The Mythical Man Month

It’s rare to find such a short book with so many useful insights. This insights are based on the work experience of Fred Brooks. In summary he mentions:

The mythical man-month

The core idea in the books states that many project managers (wrongly) use Man-Months as a developer’s productivity measurement unit, so that for example 4 developers do in 2 months what 2 developers do in 4 months. This fails to take into account different group mechanics: 2 great developers might not work well together or a few very specialized developers might achieve no work alone, but when together produce exponentially more work. As the number of workers increases we get more communication pairs (to be exactly \(\frac{n(n-1)}{2}\) channels , so with as few as 10 developers we have 45 channels of communication ). Also there’s another problem: most people think about the man-month unit of measurement when their projects are running late. However consider a scenario when you have 4 people, you have 2 months to finish a project but you need 12 man-months (Assuming this is a viable measurement unit). So you need to hire 2 people in order to complete the required 12 man-months. However the new developers need training in order to start working on the project. If they each need a person to introduce them and they will be learning in their first month, then we will only have 2 developers working in the first month and 6 in the second, for a total of 8 man-months. Not optimal.

No silver bullet

Brooks insists that there is no technology or discovery in software that will lead to a tenfold increase in productivity over the span of a decade (this in contrast to Moore’s law about Hardware productivity).

The second-system effect

This revolves around the tendency to over-engineer the second system that is built for any purpose, for the reason that we often try to include in the second system all of the first system capabilities and every addition we didn’t add in the first system due to time constraints.

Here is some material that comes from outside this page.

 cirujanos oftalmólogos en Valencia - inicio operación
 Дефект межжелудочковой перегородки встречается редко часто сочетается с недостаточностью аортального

The tendency towards irreducible number of errors

Brooks states that as systems get complex, there is a lower bound to how many errors the system has. Any attempt at fixing known errors will introduce even more errors. As the fable goes,

99 little bugs in the code.
99 little bugs.
Take one down, patch it around.
127 little bugs in the code.

Progress Tracking

Brooks wrote “Question: How does a large software project get to be one year late? Answer: One day at a time!” Incremental slippages on many fronts eventually accumulate to produce a large overall delay. Continued attention to meeting small individual milestones is required at each level of management.

Conceptual Integrity

Any software should be made user friendly and it pays off to have an architect focusing on understanding what/how the user will be using the program. Everyone in the team should understand the architects’ (i.e. the user’s) point of view and good features might not be included if they make the program harder to learn.

Formal documents

Every project manager should create a small core set of formal documents defining the project objectives, how they are to be achieved, who is going to achieve them, when they are going to be achieved, and how much they are going to cost. These documents may also reveal inconsistencies that are otherwise hard to see.

Project estimation

Project times must take into account the fact that most customer oriented projects take thrice as long as in-house projects and that there will be time spent on administrative tasks (meetings, discussing project ideas,…). A good rule of thumb is to divide the time spent coding in 12 time blocks:

  • \(4\) blocks spent designing the app and it’s structure
  • \(2\) blocks spent coding
  • \(3\) blocks spent testing each component of the app (and debugging if necessary)
  • \(3\) blocks spent testing the system as a whole (and, again, debugging if necessary)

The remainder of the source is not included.